I find this incredibly unfair. I’ve been part of some very pleasant and capable pickup groups, but you know, you really don’t want to do Skumfil at level 60 when the closest thing you have to a tank is a champion and the closest thing you have to a healer is a burglar. Yes, the game is flexible, no, not everyone who wants a tank or a healer is a “random idiot” - there are surprisingly FEW random idiots in LotRO.

Good advice, but it never hurts to understand the metagame for a class too.

Definitely not everyone in LFF is a random idiot. By a stroke of good luck some of my kinmates joined a DN PUG from LFF a year or so ago and we’ve been playing with them ever since. I’ve met fantastic people purely at random over the years.
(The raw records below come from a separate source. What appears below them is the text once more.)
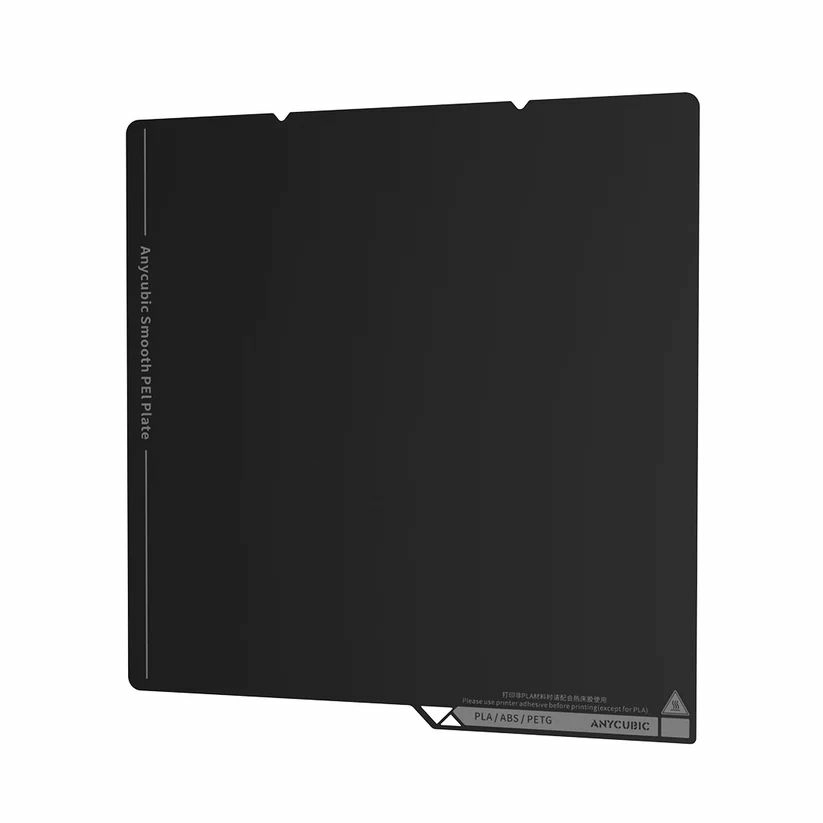 gladkaya-plastina-3 gladkaya-plastina-3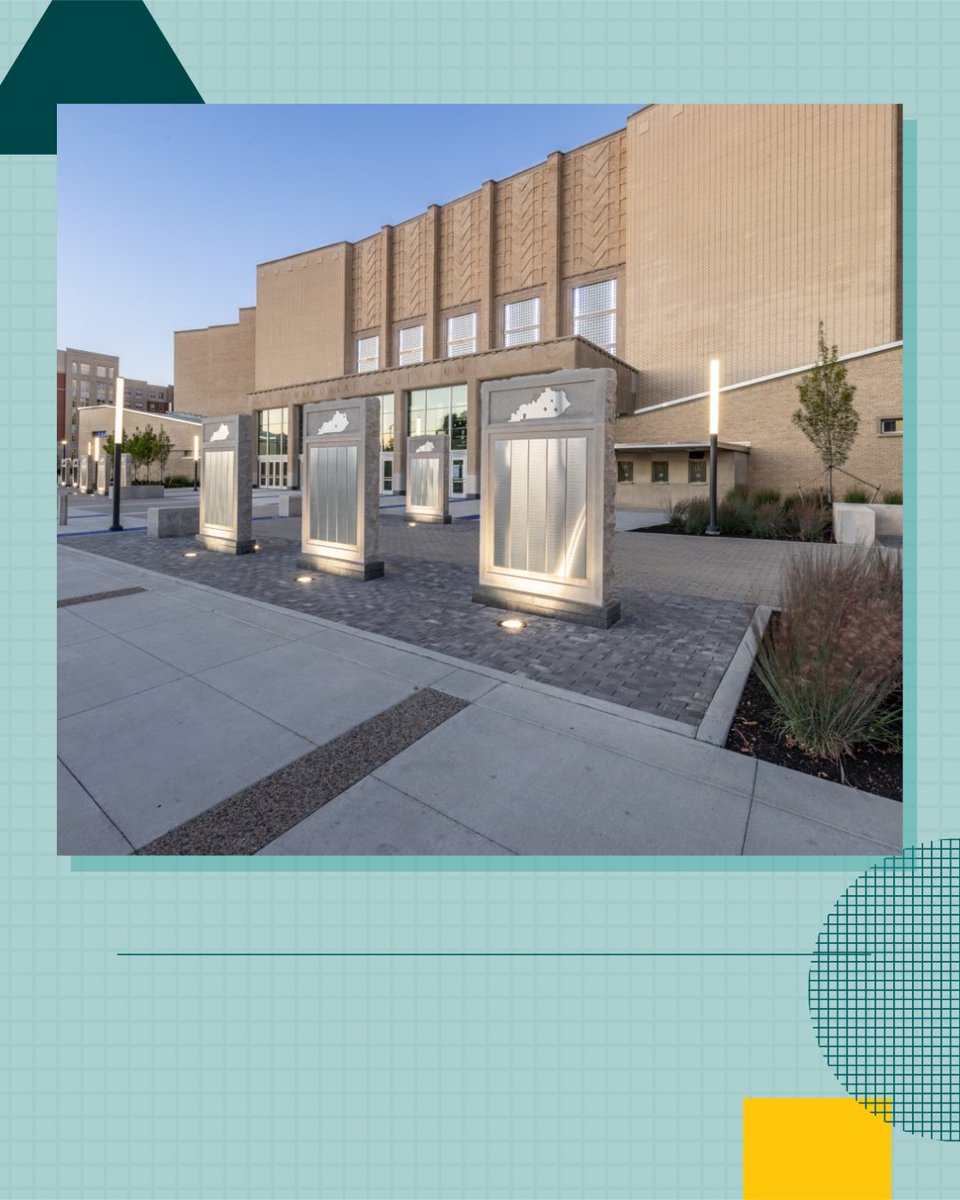 MOREgroup tweet media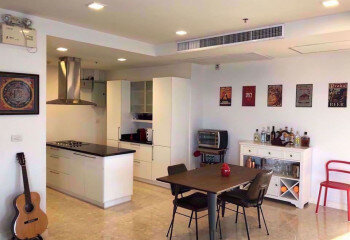 Кондоминиум в Бангкоке, Таиланд | THE550416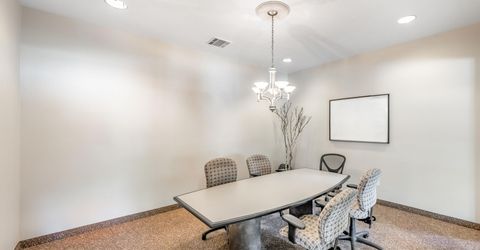 6850 Sharlands Avenue, Unit 1068, Reno, NV 89523 Photo
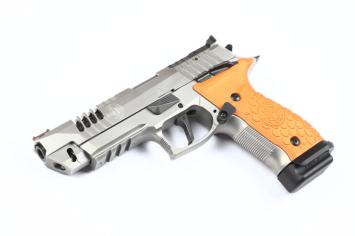 Tteyr-atc-rock- OR-9mm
All I am saying is that it is easy to be misled if you pick a toon based on frequency of requests in public channels because a fair amount of it is just the same crazies with whom no one in his right mind groups. I will cheerfully agree that, all things being equal, people don’t usually turn down healers or DPS. Either is a safe, solid choice.

But like I said, I’ve been a committed LM since the beginning, so that probably indicates that I am somewhat demented to begin with.
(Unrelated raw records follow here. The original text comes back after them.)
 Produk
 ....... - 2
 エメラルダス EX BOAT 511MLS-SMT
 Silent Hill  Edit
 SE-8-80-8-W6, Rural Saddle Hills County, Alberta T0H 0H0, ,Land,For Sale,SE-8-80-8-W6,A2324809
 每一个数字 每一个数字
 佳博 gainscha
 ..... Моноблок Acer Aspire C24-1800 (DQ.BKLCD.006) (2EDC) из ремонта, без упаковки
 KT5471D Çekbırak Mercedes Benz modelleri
I have to say I did not enjoy it. I tried it for a while, and then, well, there are a lot of badly-designed things in the game. IThe interface is awful, the character designs are both bland and slightly-off-putting, as if their bodies are all out of proportion in weird ways. The plotlines I saw are pretty annoying and rely on the player being a moron and taking no active part in things.

Ive tried it and the big gamekiller from a F2P is that you seem to have to buy a mount. If you dont travel is a pain.
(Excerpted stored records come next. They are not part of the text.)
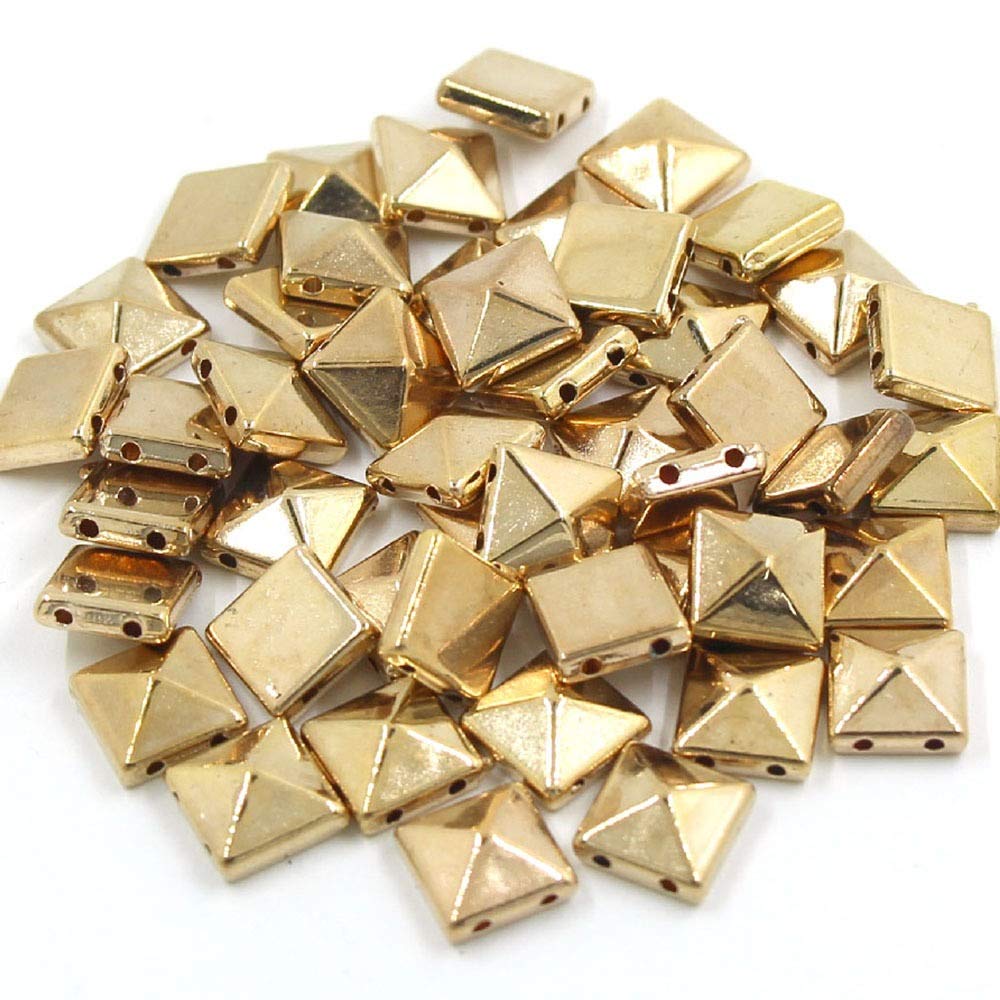 hyde着用　蛇耳掻き　ステルス　超激レア　colorゴールド　希少アイテム hyde着用 蛇耳掻き ステルス 超激レア colorゴールド 希少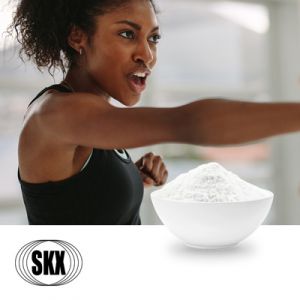 Calcium D-Beta-Hydroxybutyrate by Shanghai Kangxin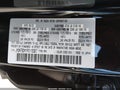 2023 Mazda CX-5 — photo 9 of 16 | VIN JM3KFBDM1P0116387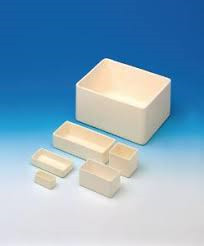 Alsint glow boxes 50x38x36mm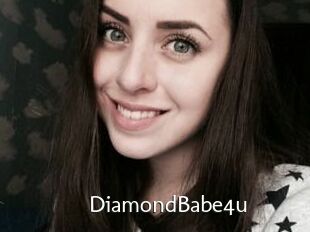 DiamondBabe4u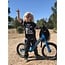 Strider 14x Sport Balance Bike with Pedal Kit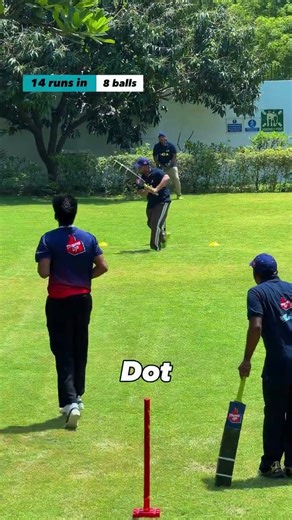 Toofani Defend at Gully Cricket 🚀#TasteTheThunder #cricket #ipl #explore #shortvideo #shorts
Id say only play it if you’re planning to subscribe if you like it.

Otara

Fast travel between stables doesn’t need the purchase of a mount.

Let’s just say that this is precisely the opposite of the received view, that LOTRO is an extremely polished game with a solid interface and an excellent, immersive plot.

Even before F2P, it was not trivial for at least first toons to get their mounts. You had to be fairly high level and it was very costly. It’s much easier now, and for good reason. Stable prices have also fallen, so moving around the map has never been more efficient.

I’m with Maeglin. This is the opposite of my experience - I find the interface to be, if nothing else, familiar, the stories to be well told and generally NOT rely on the player being an idiot (though it sometimes happens) and the character models look nice - and not goofy and out of proportion like a certain popular but cartoony MMO. (It’s a bad sign when I can’t play a human in your game because I just can’t get over how stupid they look.)

Again, what Maeglin said; Travel has gotten easier and easier in LotRO, and even at launch, it was easier or equivalent to the way it worked in WoW. No purchase of a mount is ever really REQUIRED, and while they are a pleasant convenience, real long distance travel is generally done with ‘rented’ horses from stables - which is not, to the best of my knowledge, restricted from FTP.

So what server is the best to start on? A few friends and I have this downloaded and are waiting to all have an afternoon off to start up. Haven’t created characters yet, so may as well be on the same server as ya’ll.

Silverlode is the unofficial “old fogey” server and has a Doper fellowship that was created during the game’s first week.

[QUOTE=Airk]
I’m with Maeglin. This is the opposite of my experience - I find the interface to be, if nothing else, familiar, the stories to be well told and generally NOT rely on the player being an idiot (though it sometimes happens) and the character models look nice - and not goofy and out of proportion like a certain popular but cartoony MMO. (It’s a bad sign when I can’t play a human in your game because I just can’t get over how stupid they look.)

[quote]

I spent most of my time in the game basically waiting around like an idiot for events to happen, which I could easily have stopped if every NPC wasn’t a moron. While doing this, I noted that the character designs were weirdly distorted, with everyone having a far heftier chest than they should. The interface is cluttered, to small, and contains a lot of really pointless junk, while the inventory system manages to be a copy of WoW, without any of the large icons and quick responses which make it good.